------ Supplied data
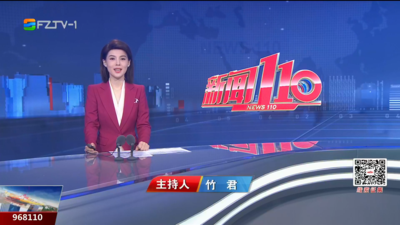 【2025.6.15】《新闻110》
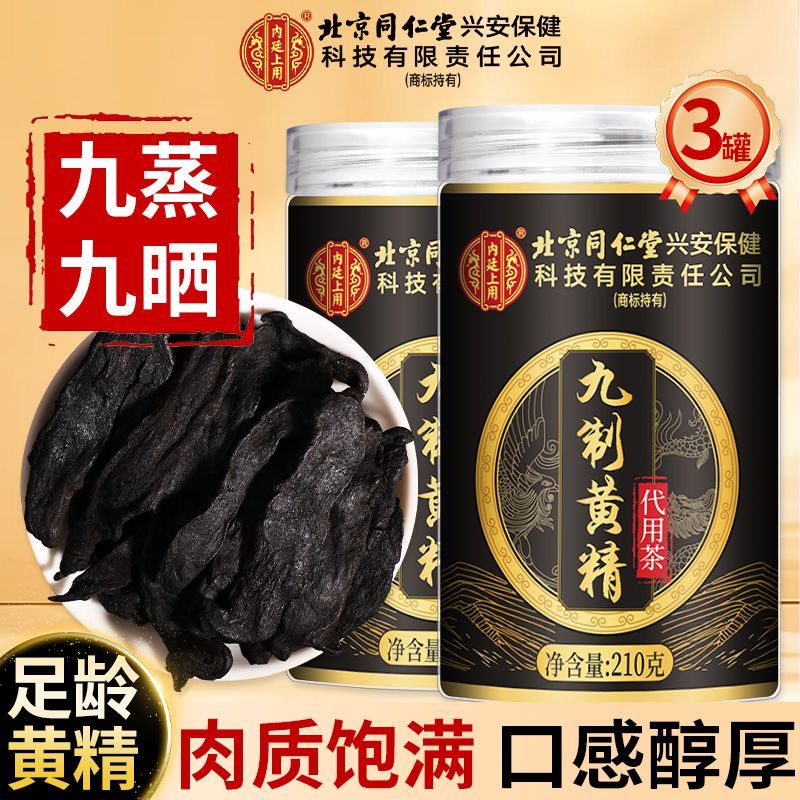 【买1发3共630g】北京同仁堂九制黄精210g/瓶中草药材九晒九蒸九制黄精片正品官方旗舰店野生茶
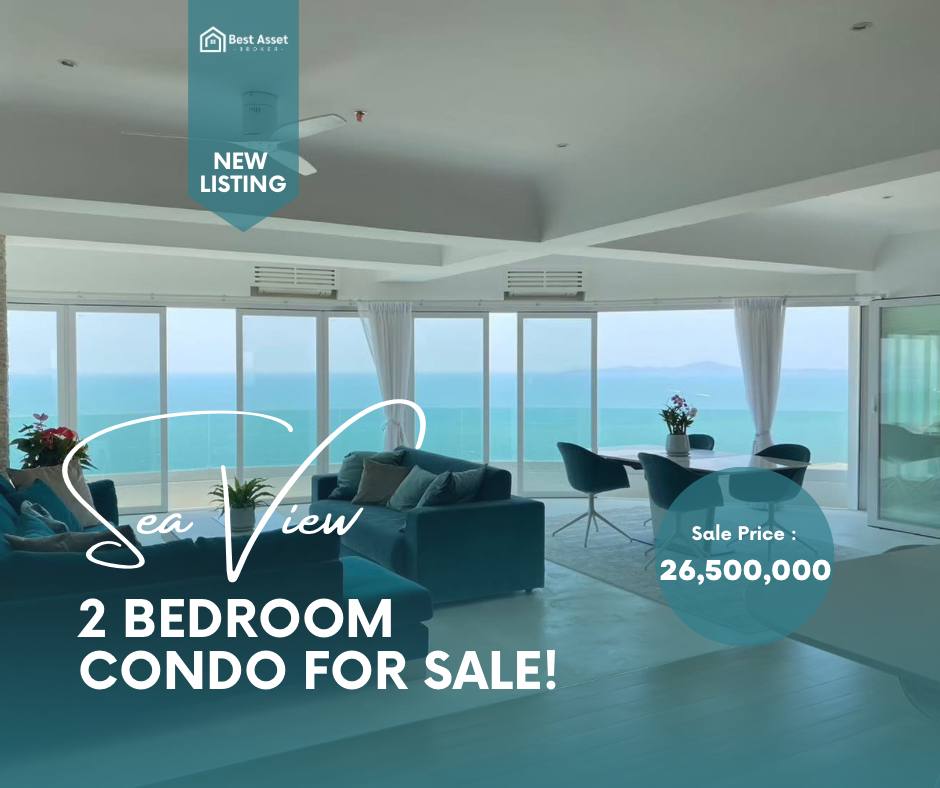 ขาย Metro Jomtien เมโทร จอมเทียน 2 ห้องนอน วิวทะเล (1)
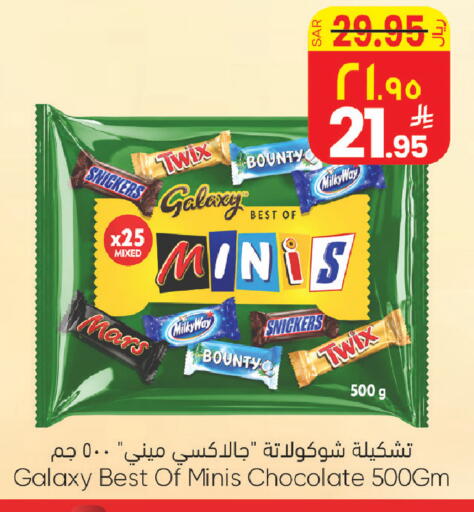 available at ستي فلاور in مملكة العربية السعودية, السعودية, سعودية - الجبيل‎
------------
Your instructions: Precisely the lines from the one containing "ขาย Metro Jomtien" to the end of the data above, both included, should be printed; leave the pictures out.

Solved problem:
 ขาย Metro Jomtien เมโทร จอมเทียน 2 ห้องนอน วิวทะเล (1)
 available at ستي فلاور in مملكة العربية السعودية, السعودية, سعودية - الجبيل‎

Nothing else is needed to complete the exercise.